Perception: Linux has historically required tweaking and doesn't work straight
out of the box. This requires computer skills, and the guts to actually make
changes that might potentially break your installed system. For the
mainstream, this is a turnoff. While things tend to work better today, the
image persists; Linux is for geeks, and is too difficult for people with no
interest in the computer itself.

Software: While tools such as wine, playonlinux, steam and similar
alternatives make life easier for those who want windows-only applications in
Linux, they are not perfect and rarely work out of the box, especially on new
applications. While patches or workarounds tend to turn up, around half of the
applications on appdb.winehq.org are rated silver or less, requiring tweaks to
work, if at all. People want their things to work without any hassle, and
aren't interested in spending time to learn how to configure wine or the rest
of their system for it to work.

Hardware support: Although improving, drivers can still be a problem. Getting
drivers from eg.
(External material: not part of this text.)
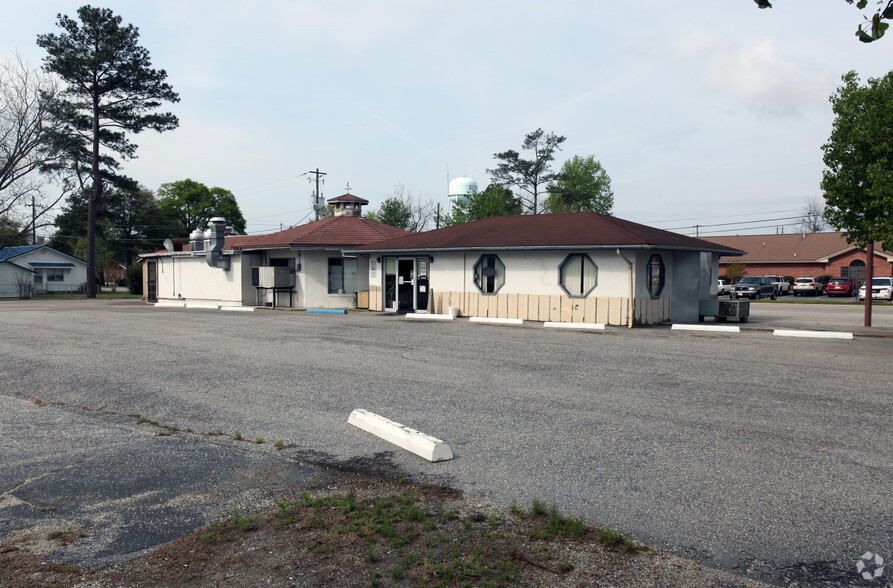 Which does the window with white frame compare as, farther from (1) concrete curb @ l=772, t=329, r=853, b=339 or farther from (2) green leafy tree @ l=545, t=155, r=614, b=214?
(2) green leafy tree @ l=545, t=155, r=614, b=214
Nvidia is fairly easy but installing them is not as easy as
it is for Windows, unless you know how to add the Nvidia PPA (which requires
knowledge, see above). AMD is supposedly worse, but I have still to buy a GPU
from them. Getting drivers for other proprietary hardware can be a lot more
difficult, depending on what it is. I've got a fairly common MB from MSI, but
I still have to tweak the default Ubuntu config to get the sound to work. If
it wasn't for the fact that I know how and prefer Linux over Windows, I'd just
stick with Windows (where it just works).
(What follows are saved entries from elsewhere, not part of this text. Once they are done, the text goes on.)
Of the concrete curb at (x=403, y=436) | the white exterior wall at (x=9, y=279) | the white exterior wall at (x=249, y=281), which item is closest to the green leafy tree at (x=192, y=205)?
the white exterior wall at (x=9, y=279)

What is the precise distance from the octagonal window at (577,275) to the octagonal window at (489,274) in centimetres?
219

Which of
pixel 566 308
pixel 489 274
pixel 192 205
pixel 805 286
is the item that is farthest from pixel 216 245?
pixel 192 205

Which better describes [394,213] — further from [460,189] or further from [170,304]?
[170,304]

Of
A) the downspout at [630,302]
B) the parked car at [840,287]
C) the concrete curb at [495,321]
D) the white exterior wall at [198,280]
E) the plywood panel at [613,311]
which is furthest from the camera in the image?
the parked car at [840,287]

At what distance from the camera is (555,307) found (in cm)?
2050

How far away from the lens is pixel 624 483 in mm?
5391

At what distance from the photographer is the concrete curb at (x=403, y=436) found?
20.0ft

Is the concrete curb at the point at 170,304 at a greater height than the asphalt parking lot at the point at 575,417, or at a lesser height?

Why bother: There is nothing Linux does so much better for most people that
it's worth taking the time to switch. Most people I know (not counting
colleagues) know virtually _nothing_ about their computers or how they work,
let alone which version of Windows they run. I think most people are somewhat
like that; the computer is a tool for them to do "stuff", as long as it works,
they're happy. Or at least content. Switching to Linux doesn't help them in
any way, but generally mean that they have to figure out how to get a lot of
things working properly (which used to work just fine in Windows) and they
have to struggle with howtos that might be outdated or just plain wrong for
their situation.

A major selling point for many Linux advocates is that it's free and open
source. But most people doesn't care; they might buy a new laptop every 3-5
years which comes with Windows pre-installed, along with a discount for
Microsoft Office and a bunch of other stuff they think they need. So why
bother having to learn something they don't see the benefit from?

------
oscrperez
IMO, in the late 90s and early 2000s it wasn't as simple to get Linux working.
There was a lot of tweaking involved and a lot of headaches to get your
hardware to work properly. Device manufacturers supported Windows (and
sometimes Mac), rarely Linux. Big software labels didn't see the incentive in
building software for Linux, it was always for Windows and Mac. Once Ubuntu
came out this situation changed, and many people began replacing Windows
installs with Linux. Specially for under-powered computers that couldn't run
the latest version of Windows. This, combined with the popularity of web apps
helped Linux on the desktop be usable. But, at that point it was too late, the
desktop can today pretty much be considered legacy and mainly used for
specialized cases such as content creation and other ultra-high-performance
use cases.

Once you look at the post-desktop world, Linux is mainstream. The cloud,
mobile, IoT devices. Linux has very large market-share in all of these.